§ **DATA UNDER STUDY**:
┌──

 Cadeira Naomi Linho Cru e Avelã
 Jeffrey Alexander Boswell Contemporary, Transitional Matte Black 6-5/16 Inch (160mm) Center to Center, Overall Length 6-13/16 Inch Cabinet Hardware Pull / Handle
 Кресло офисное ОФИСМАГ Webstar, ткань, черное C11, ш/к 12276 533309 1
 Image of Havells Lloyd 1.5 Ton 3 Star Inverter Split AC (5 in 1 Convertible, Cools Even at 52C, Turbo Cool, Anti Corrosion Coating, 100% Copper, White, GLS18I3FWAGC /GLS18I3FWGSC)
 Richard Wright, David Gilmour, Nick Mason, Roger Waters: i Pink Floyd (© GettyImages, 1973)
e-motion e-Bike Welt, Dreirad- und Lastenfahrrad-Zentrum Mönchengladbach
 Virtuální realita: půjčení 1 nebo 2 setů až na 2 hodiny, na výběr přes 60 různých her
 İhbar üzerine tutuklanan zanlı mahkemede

└──
┌──

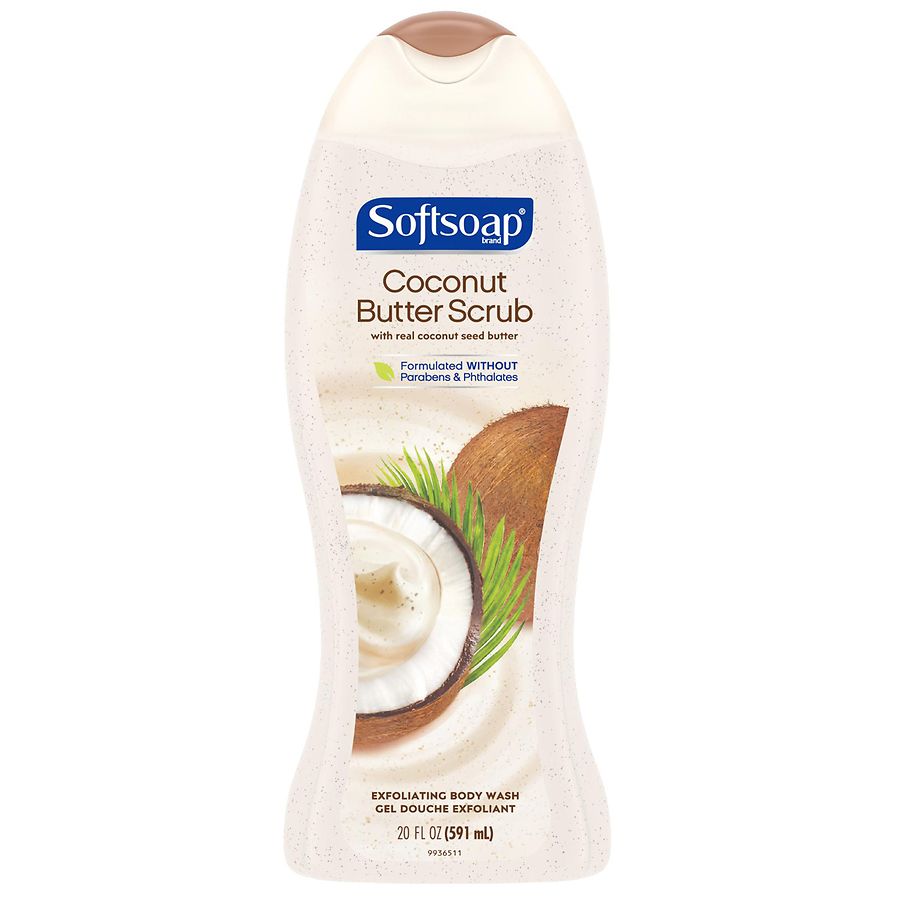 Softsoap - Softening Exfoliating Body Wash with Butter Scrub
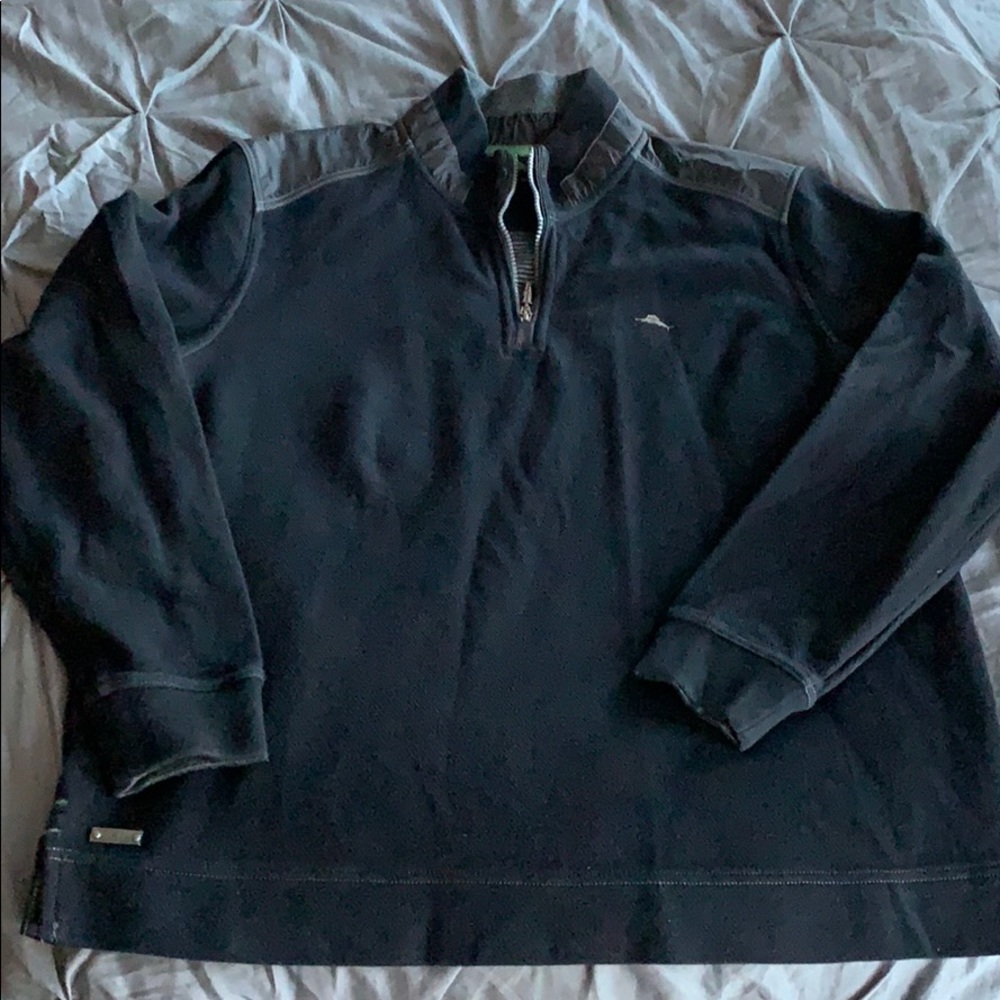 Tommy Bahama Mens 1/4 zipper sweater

└──
┌──

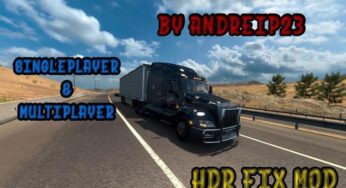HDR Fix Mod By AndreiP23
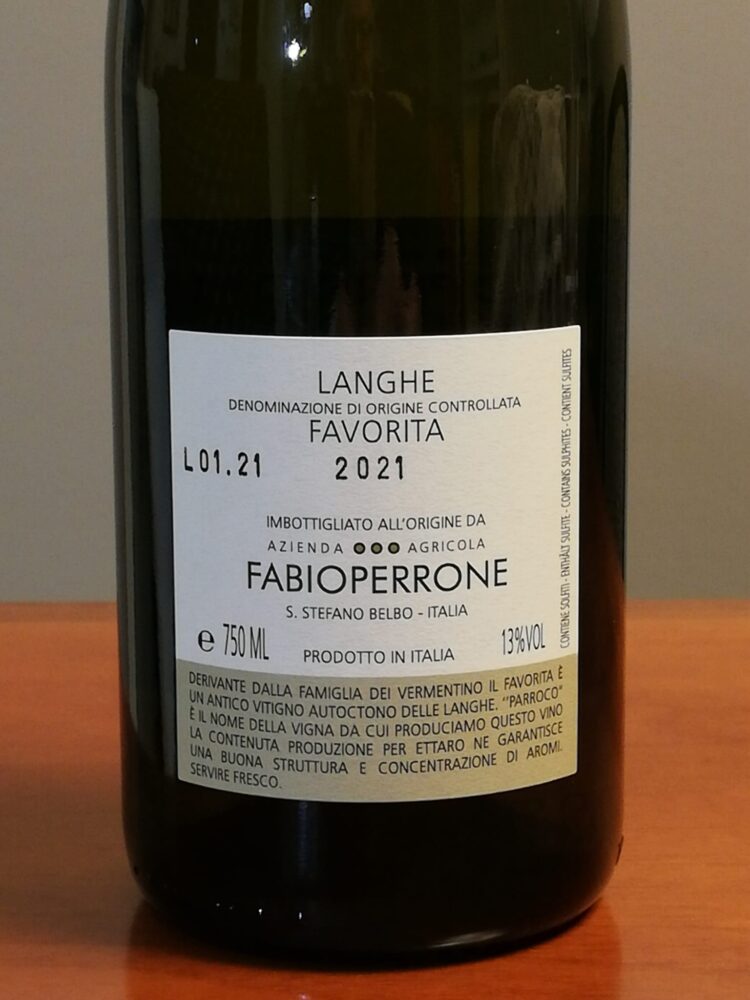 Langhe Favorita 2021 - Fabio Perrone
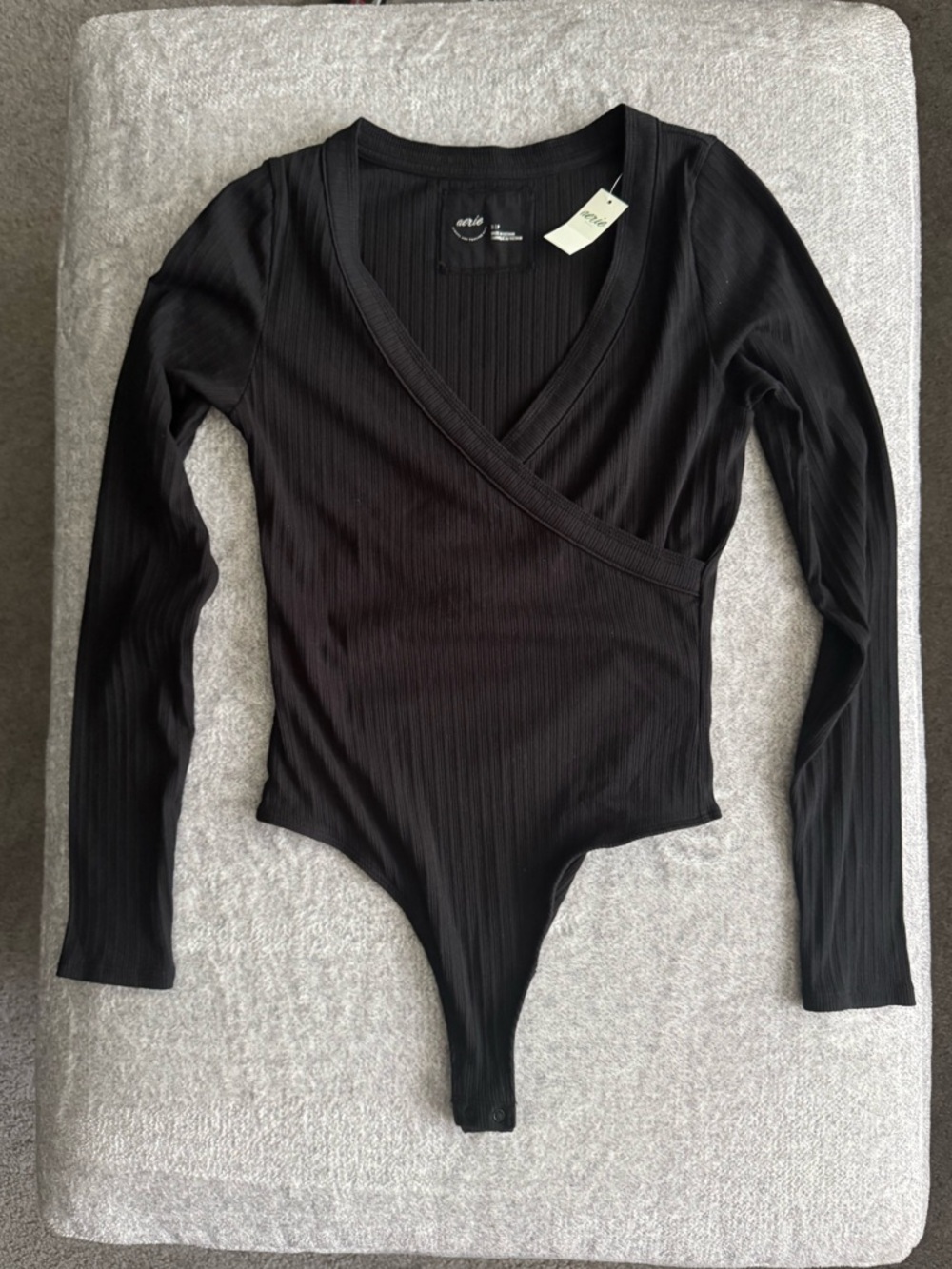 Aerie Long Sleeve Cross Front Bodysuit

└──

§ **TASK TO CARRY OUT**: Repeat word for word the lines above that run from the line containing "Кресло офисное ОФИСМАГ" through the line containing "e-motion e-Bike Welt, Dreirad- und", both ends included, and nothing else.

§ **SOLUTION FOR THIS EXERCISE**:
 Кресло офисное ОФИСМАГ Webstar, ткань, черное C11, ш/к 12276 533309 1
 Image of Havells Lloyd 1.5 Ton 3 Star Inverter Split AC (5 in 1 Convertible, Cools Even at 52C, Turbo Cool, Anti Corrosion Coating, 100% Copper, White, GLS18I3FWAGC /GLS18I3FWGSC)
 Richard Wright, David Gilmour, Nick Mason, Roger Waters: i Pink Floyd (© GettyImages, 1973)
e-motion e-Bike Welt, Dreirad- und Lastenfahrrad-Zentrum Mönchengladbach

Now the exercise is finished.